Biden a intérêt à entretenir le récit de l’Amérique unie, solidaire, apaisée. Dans les actes, sa politique devra cibler les inégalités et discriminations dans l’accès aux droits et aux ressources. Mais Biden n’est, pas plus qu’Obama, un homme providentiel. Toutefois, si Trump a été en partie élu par les anti­-Obama, ce n’est pas pour autant qu’il faut donner raison à cette Amérique raciste qui, on le voit, est encore plus galvanisée après quatre années de Trump ! L’ « homme blanc en colère » n’est pas la victime qu’il prétend être.

Faut-il s’attendre à ce que les mouvements sociaux (Black Lives Matter pour ce qui concerne la question du racisme ou Sunrise pour celle du changement climatique) mettent la « pression » sur l’administration Biden ?

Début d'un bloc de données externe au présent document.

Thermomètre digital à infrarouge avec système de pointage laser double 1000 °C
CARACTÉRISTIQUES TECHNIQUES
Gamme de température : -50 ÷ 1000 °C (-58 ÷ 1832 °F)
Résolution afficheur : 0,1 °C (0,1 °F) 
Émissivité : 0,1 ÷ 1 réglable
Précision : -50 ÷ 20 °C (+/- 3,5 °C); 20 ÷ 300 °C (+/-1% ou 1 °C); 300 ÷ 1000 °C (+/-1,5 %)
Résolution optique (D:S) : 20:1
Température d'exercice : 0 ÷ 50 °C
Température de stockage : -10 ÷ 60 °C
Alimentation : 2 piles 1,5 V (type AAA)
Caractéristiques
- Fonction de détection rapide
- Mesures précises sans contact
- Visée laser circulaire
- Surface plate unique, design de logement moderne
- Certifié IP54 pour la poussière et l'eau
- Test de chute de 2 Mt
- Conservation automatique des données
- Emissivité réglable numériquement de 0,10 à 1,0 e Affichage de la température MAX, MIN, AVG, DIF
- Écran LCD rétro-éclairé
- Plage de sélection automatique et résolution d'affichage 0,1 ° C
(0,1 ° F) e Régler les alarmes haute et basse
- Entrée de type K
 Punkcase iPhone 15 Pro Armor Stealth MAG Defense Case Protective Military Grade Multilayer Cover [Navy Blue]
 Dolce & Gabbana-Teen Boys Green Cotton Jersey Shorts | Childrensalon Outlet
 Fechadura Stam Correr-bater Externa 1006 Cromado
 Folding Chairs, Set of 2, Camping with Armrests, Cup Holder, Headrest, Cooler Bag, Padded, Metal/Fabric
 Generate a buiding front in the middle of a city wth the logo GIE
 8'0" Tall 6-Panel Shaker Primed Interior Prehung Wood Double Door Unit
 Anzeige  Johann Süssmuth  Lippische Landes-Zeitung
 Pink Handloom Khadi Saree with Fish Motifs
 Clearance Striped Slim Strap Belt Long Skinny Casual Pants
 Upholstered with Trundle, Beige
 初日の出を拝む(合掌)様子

Oui, il faut s’y attendre et ce sera logique. C’est grâce à l’immense mobilisation des mouvements antiracistes, et du militantisme des femmes noires en particulier, que Biden gagne les grandes villes de la Rust Belt et arrache la Géorgie. En outre, l’opposition à Trump, dès 2017, s’est faite d’abord dans la rue (Women’s Marches, défenseurs du climat…) et ces mouvements ont su non seulement construire un projet commun, mais aussi capitaliser sur un savoir-faire qu’ils comptent mettre en pratique à Washington et dont Biden aurait tort de se passer.